Como se fabrica saudades futuras? Saudades futuras são produzidas na convivência diária, no cotidiano mesmo, nesses momentos de muita simplicidade que geram histórias que se pudéssemos provocaríamos repetição. Saudades futuras nascem sem longos planejamentos e só ocorrem se cada momento é realmente compartilhado. Saudades futuras são fabricadas nas surpresas, nas festas e até no trabalho. E é importante que se saiba: a saudade advém das pessoas, do outro. Por seus atos, pelos instantes que dividem com a gente ou pelo fato único de estarem ali conosco testemunhando e construindo a nossa história. Fabricar saudade nunca é um trabalho solitário. É um compromisso de toda relação.
Sentir saudade, portanto, é da nossa natureza e é da nossa natureza fabricar saudade ainda que em determinados momentos futuros ele possa soar como sofrimento. Terei e tenho saudades de muitas pessoas. Admitir isso é a mais humana das coisas.

Finados

Ainda que a tradição venha diminuindo ano após ano, os Cemitérios de Nova Friburgo devem receber grande quantidade de visitantes neste Dia de Finados. Lembrando que cinco dos 21 cemitérios do município são de responsabilidade administrativa da Prefeitura. Os demais são concedidos.

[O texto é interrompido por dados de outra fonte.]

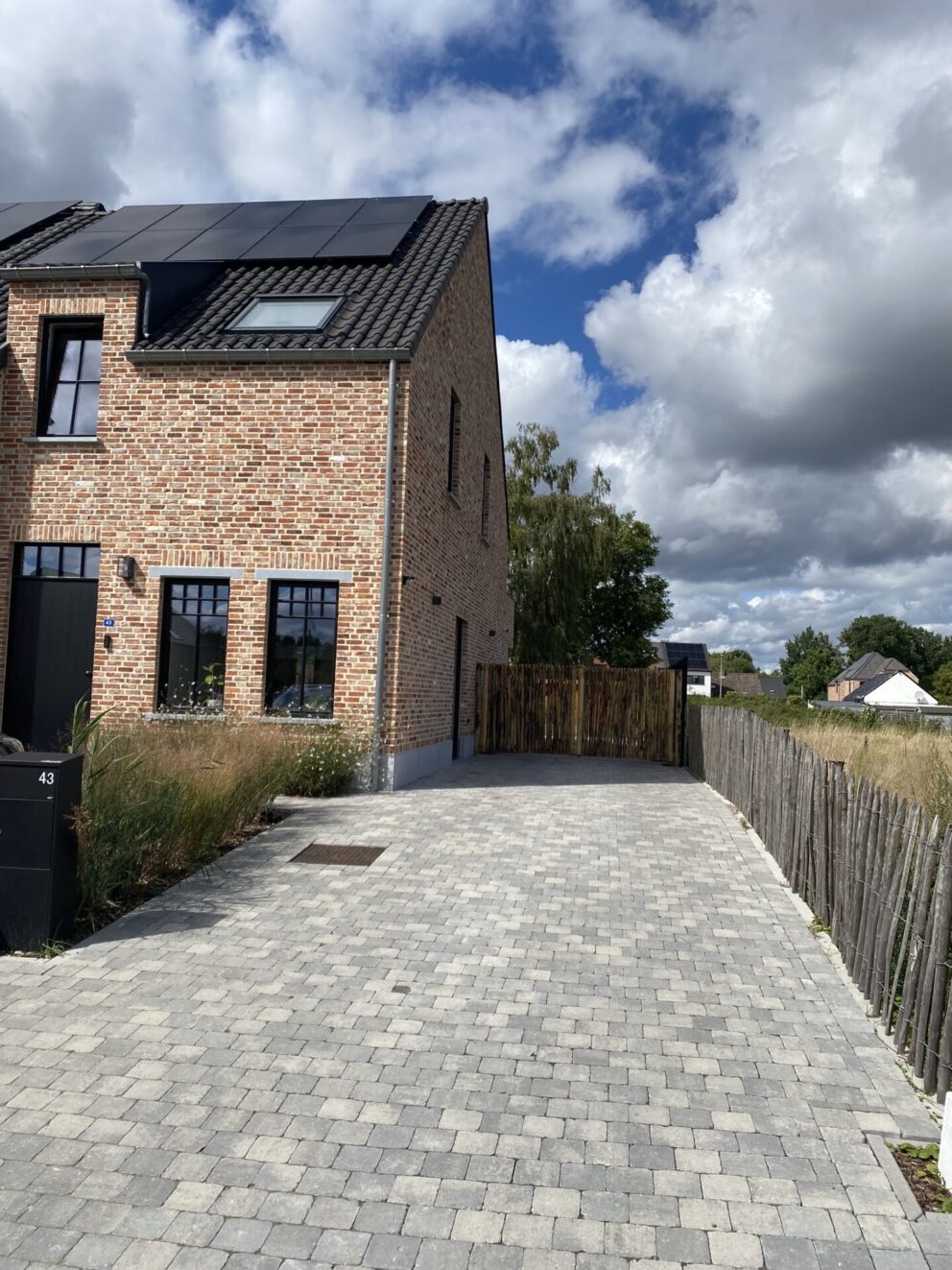 Schapenhek poort kastanje - volgens klantspecificaties 158 breed x 150 hoog, dubbele poort, latten zo dicht mogelijk op elkaar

Mais de 5 mil pessoas devem visitar os túmulos, a maioria no maior cemitério da cidade – São João Batista.

Preocupações

A orientação aos visitantes é que evitem colocar água em jarras e outros vasilhames nas sepulturas, por medida de prevenção à dengue, e também não deixem pertences sobre as sepulturas, como bolsas, celulares e outros, a fim de evitar furtos.

Flores

Expectativa sempre grande para a venda de flores no Dia de Finados que promete ser intensa em Nova Friburgo que é o maior produtor do Estado. Além das vendas já consumadas para outros municípios, especialmente a capital, a venda perto dos cemitérios também se configura como uma oportunidade para os produtores.

Estradas

Mais um feriadão. Operações especiais nas estradas que cortam o Estado do Rio de Janeiro. Apesar da previsão de tempo nublado e chuva, a expectativa é que muitos viajem rumo às cidades praianas. Esquemas especiais na RJ-116. A Polícia Rodoviária Estadual também estará nos locais de maior congestionamento e de maior registro de ocorrências.

Rodoviárias

Esquema especial de ônibus extras, especialmente na Rodoviária Sul. A empresa que opera as linhas Rio das Ostras, Rio de Janeiro e Niterói, está comprometida a colocar veículos além dos já previstos como extras dependendo da demanda. Na Novo Rio, expectativa de ônibus extras para as cidades mais visitadas, entre as quais, Nova Friburgo.



Hoje é dia
de Finados

O dia
Em 2 de novembro de 2003, a Igreja Episcopal nos EUA consagrou o seu primeiro bispo homossexual. Gene Robinson, que era divorciado e tinha 2 filhos, vivia a 13 anos com um companheiro.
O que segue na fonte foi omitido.